I Choose Me: The Power of Coming Home
I’ve been living in my truck camper for nearly two and a half months now, with a couple more still ahead before I return to my home in Arizona. But lately, I’ve found myself asking a deeper question—not just “where will I go next?” but “what kind of experience am I truly seeking?” And even more importantly… “where is home, really?”
For those who live a nomadic life, home becomes a fluid concept. It’s wherever you are. Which means the most essential skill you can cultivate is learning to be deeply at home with yourself. This summer has been less about escape and more about truth. Less about scenery and more about soul. I’ve had to get honest with myself—not just about where I want to go, but why I’m going in the first place.
Escaping the heat of Arizona has never been enough. Intention matters. What are we moving toward, not just away from? We don’t set powerful intentions based on what we’re trying to avoid. We set them from the place of what our soul is ready to experience. And right now, mine is ready for a deeper sense of connection—connection with the earth, with people, and with myself.
There’s a freedom in this wandering. But there’s also a mirror. I see the places I visit and often think, “Wouldn’t it be beautiful to live here?” But then I move on, only to think the same thing in the next town. And at some point, I began questioning that voice. Because no matter where I go, I never truly settle. Even my house in Arizona doesn’t feel like “home” anymore. It’s just a place where my belongings are stored. But home—real home—is something else entirely.
Home is a return to the self. To the heart. To that quiet, sacred space inside that is always with me but often goes ignored. We say “home is where the heart is,” but what if our heart isn’t fully present in the moment? What if we’re dragging it behind us, burdened with old stories and unmet expectations?
I’ve discovered that my heart longs for freedom—not just the freedom to roam, but the freedom to be myself, fully and unapologetically. To be in relationships without being owned. To love without attachment. To share space with another soul without being expected to carry their pain, meet their needs, or mold myself into something more palatable.
So many relationships fail because we’re not actually relating to the person in front of us. We’re relating to our projections. Our wounds. Our past. We put people in boxes and ask them to conform to an image that soothes our insecurities. And that’s never going to lead to deep, true connection.
That’s why the most important relationship is the one we have with ourselves. When you get that right—when you meet your own needs, process your own emotions, and claim your own value—you stop looking to others to do it for you. You stop needing someone to complete you. Instead, you start seeking those rare souls who can simply walk beside you in their own wholeness.

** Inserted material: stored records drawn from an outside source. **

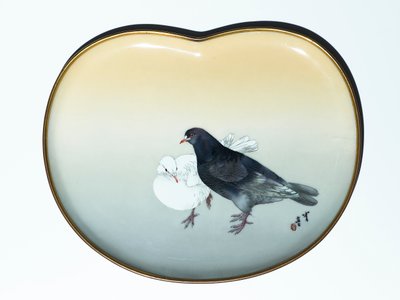 Taca przedstawiająca ptaki, ok. 1890-95 (emalia cloisonne) (odwrotność patrz 416491) autorstwa Watanabe and Sosuke Namikawa Seitei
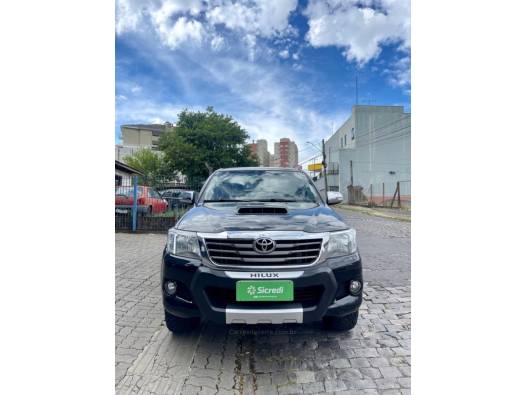 TOYOTA - HILUX - 2013/2013 - Preta - R$ 139.000,00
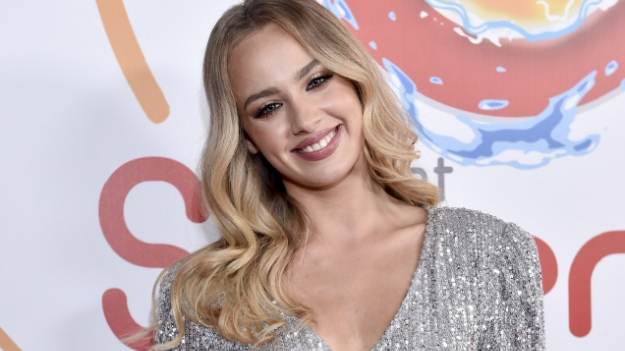 RMF Extra: Wiktoria Gąsiewska pręży się przed lustrem. Aktorka uwodzi w biustonoszu [FOTO]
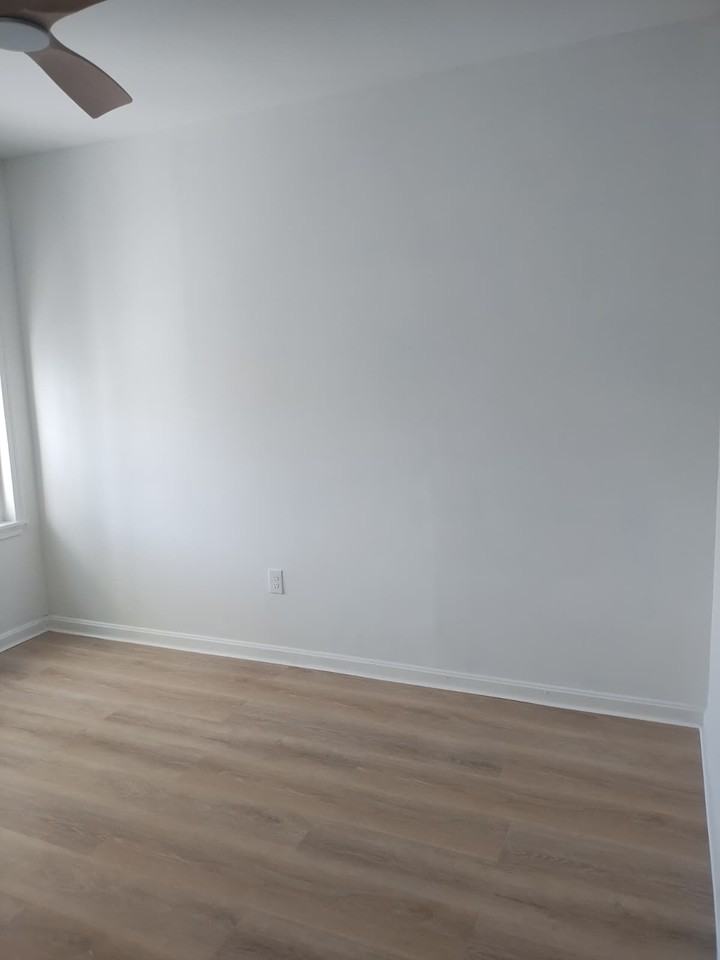 623 N Grantley St - Photo 2 of 29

This isn’t always easy to find. In fact, I’ve noticed how many people, as they age, end up alone. Some by choice. Others by default. But I’ve come to see there are really two types of people: those who’ve done the inner work and found peace in their own company, and those who are still clinging to distraction, addiction, and fantasy to avoid themselves. When you’ve done the work, you simply can’t go back. You can’t tolerate shallowness, blame, or projection. You can’t allow yourself to be pulled into someone else’s chaos just to avoid your own solitude.

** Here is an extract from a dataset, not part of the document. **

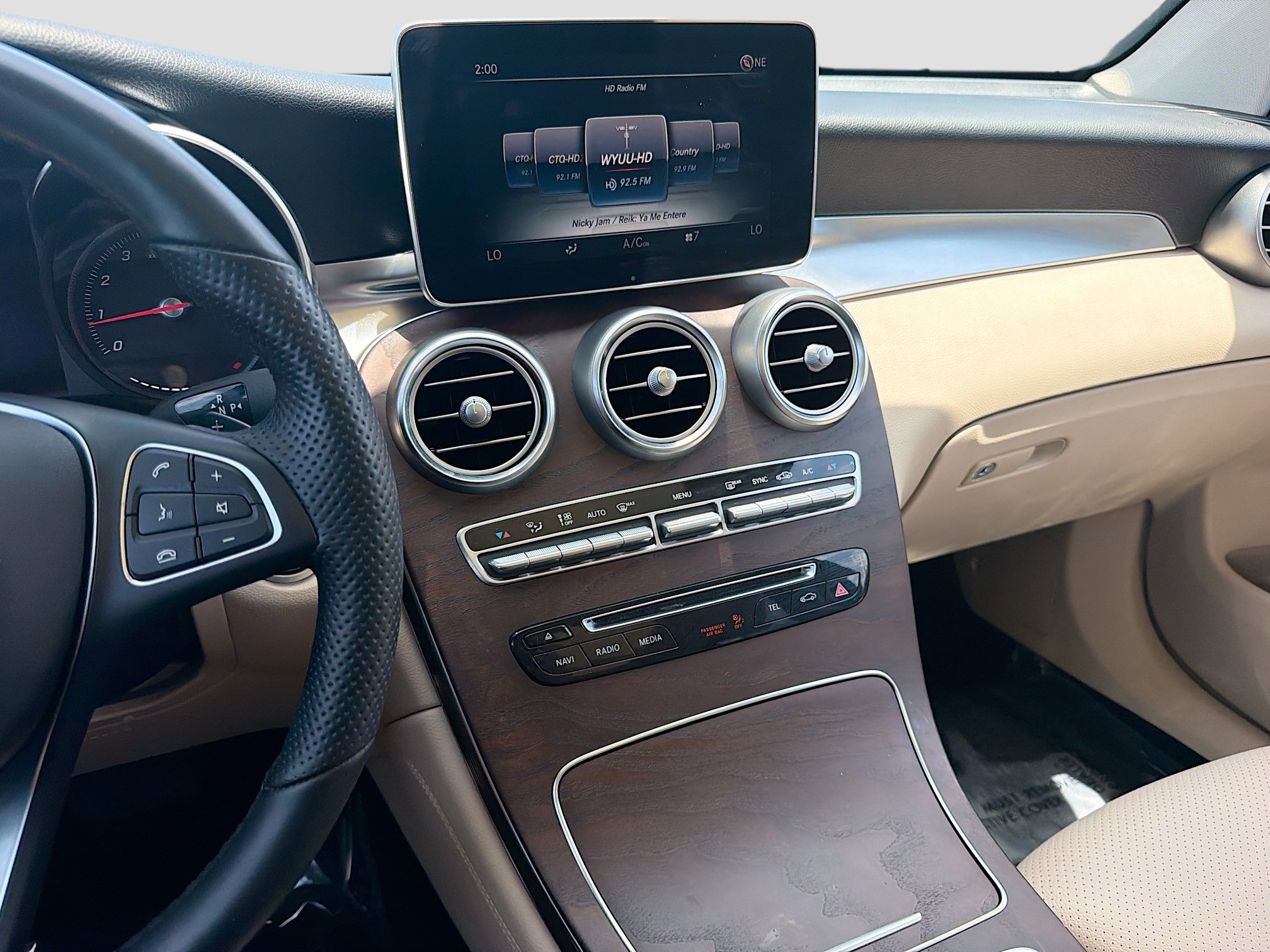 Used 2019 Mercedes-Benz GLC 300 4MATIC image 28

I’ve walked alone for a long time because I choose me. And I will keep choosing me—every time a situation, a person, or a path asks me to abandon myself in order to belong. That is not the kind of belonging I want.
But even with all this clarity, I’ve found myself wondering about my value in this world. Things have changed. The world has changed. The algorithms have changed. I’m not as “seen” as I once was. And that has been a hard truth to sit with. There’s a voice in me that says, “Does anything I do even matter anymore?” But I’ve come to the only answer that feels real: I do it because it’s who I am. I speak. I write. I share. Not for applause. Not for validation. But because I’m walking in truth, and this is how I walk.
I’ve surrendered the old striving. I’ve had long talks with God about this. I’ve placed my well-being in divine hands. And still, the message is clear: Keep going. Keep speaking. Keep shining. Whether you are heard by many or few, your light matters.
Healing, as I once understood it, meant years of work. Deep dives into trauma. Peeling back the layers. But now I see it differently. True healing doesn’t take years. It takes a shift in perception. It’s not about fixing what’s broken—it’s about seeing that you were never broken to begin with.
We don’t need to “heal” the belief that we’re unlovable. We need to deprogram it. We need to call out the lie and replace it with the truth—again and again—until our nervous system, our heart, and our mind all come into alignment with who we really are.
That’s what I’ve done. That’s what I’m still doing. Not perfectly. Not always gracefully. But honestly.
I am no longer here to convince others of my worth. I’m no longer available for projections or blame. I will not dim my light so someone else can feel powerful. I will not betray myself to soothe another person’s discomfort. I am not lonely. I am in sacred solitude. And when I do reach out, it is not out of need—it is out of love.
This is what it means to come home. Not to a place, but to a presence. To stand in your truth and say, “This is who I am. I choose me.”